[WHAT YOU NEED TO DO]
Images are to be excluded, and the rest of the data repeated exactly.

[RECORDED DATA]
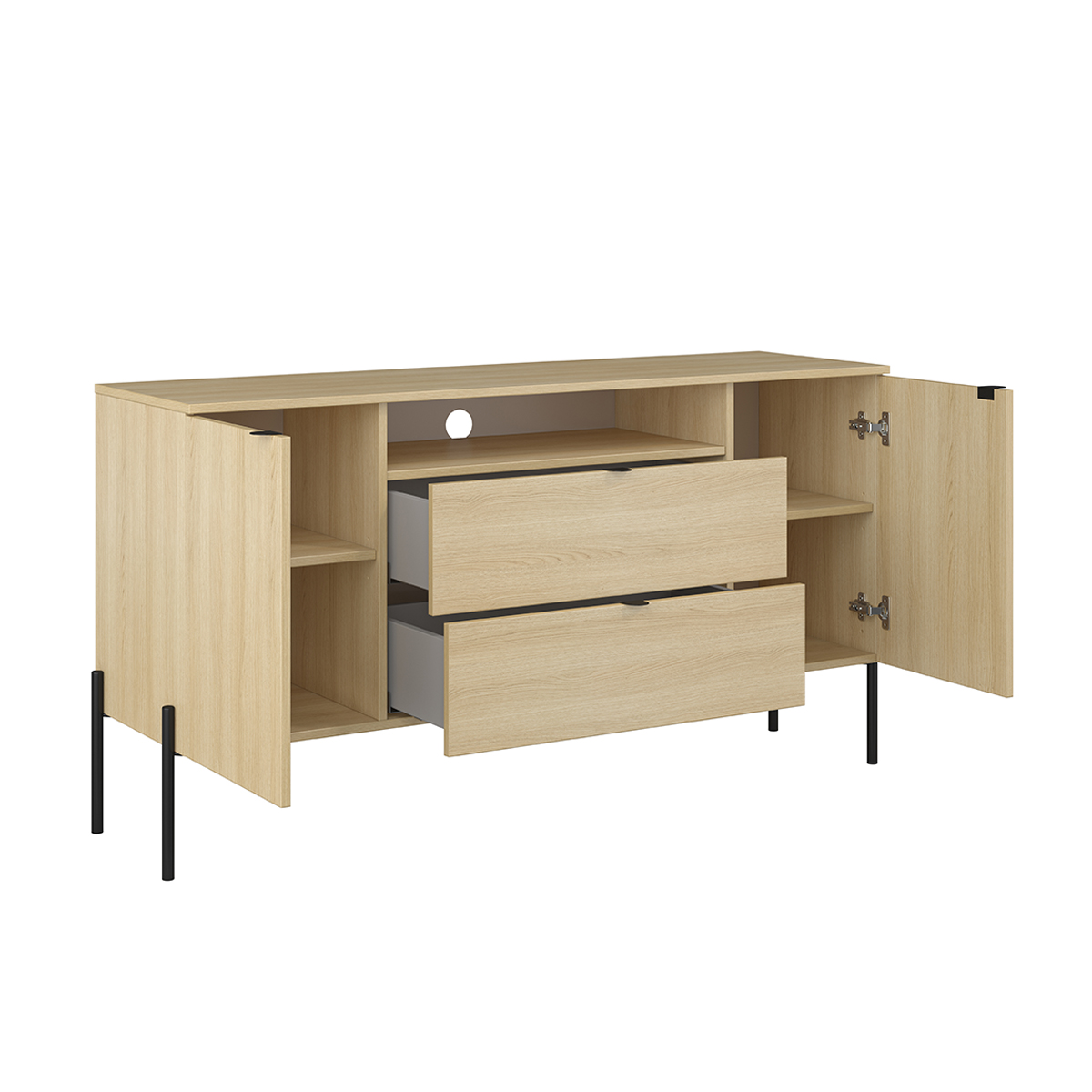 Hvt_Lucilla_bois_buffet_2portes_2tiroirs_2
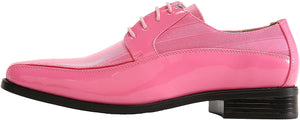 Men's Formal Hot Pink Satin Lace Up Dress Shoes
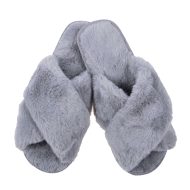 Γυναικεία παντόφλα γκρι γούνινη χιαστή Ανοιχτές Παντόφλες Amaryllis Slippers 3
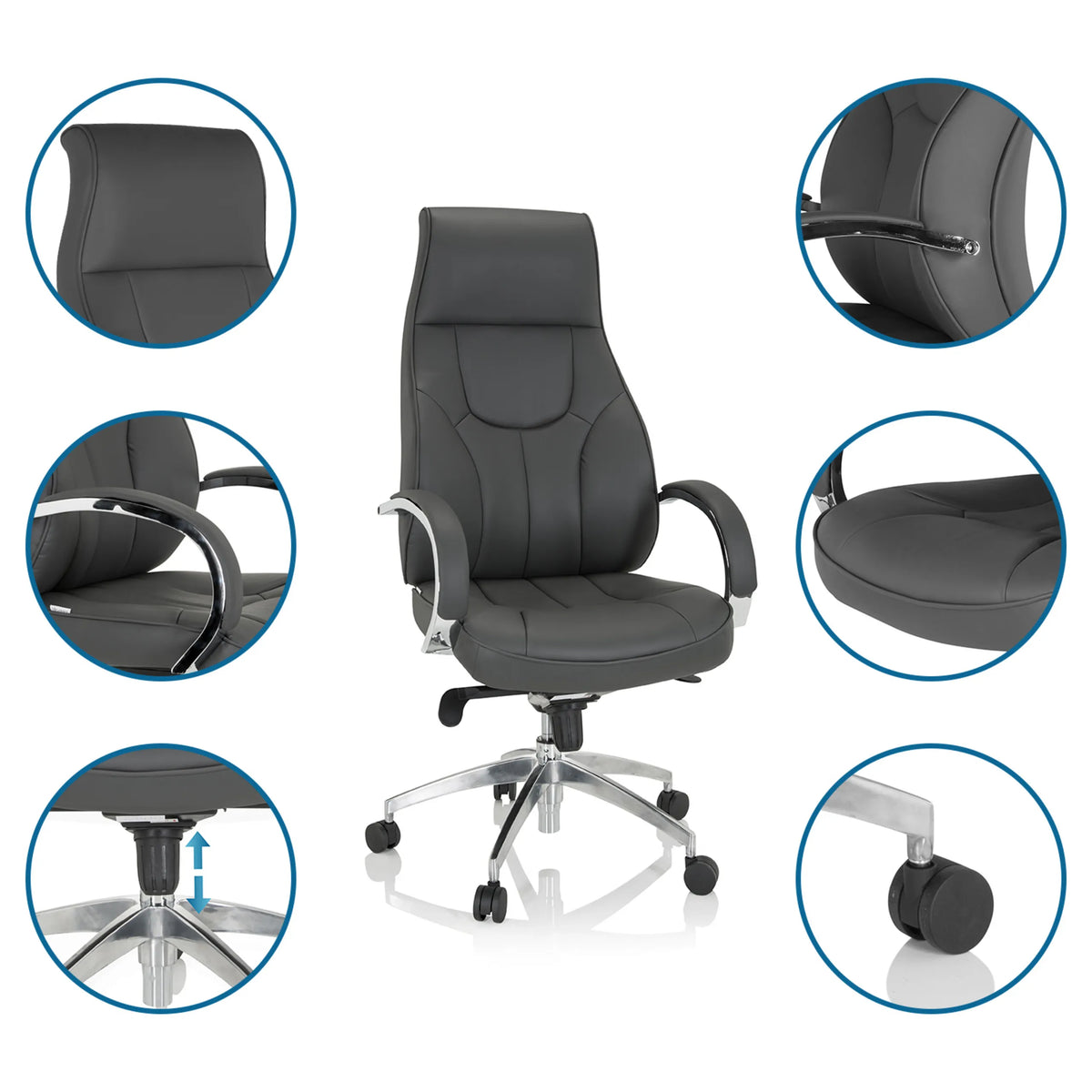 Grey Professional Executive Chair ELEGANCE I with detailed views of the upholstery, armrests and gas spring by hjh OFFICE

[EXERCISE RESPONSE]
 Hvt_Lucilla_bois_buffet_2portes_2tiroirs_2
 Men's Formal Hot Pink Satin Lace Up Dress Shoes
 Γυναικεία παντόφλα γκρι γούνινη χιαστή Ανοιχτές Παντόφλες Amaryllis Slippers 3
 Grey Professional Executive Chair ELEGANCE I with detailed views of the upholstery, armrests and gas spring by hjh OFFICE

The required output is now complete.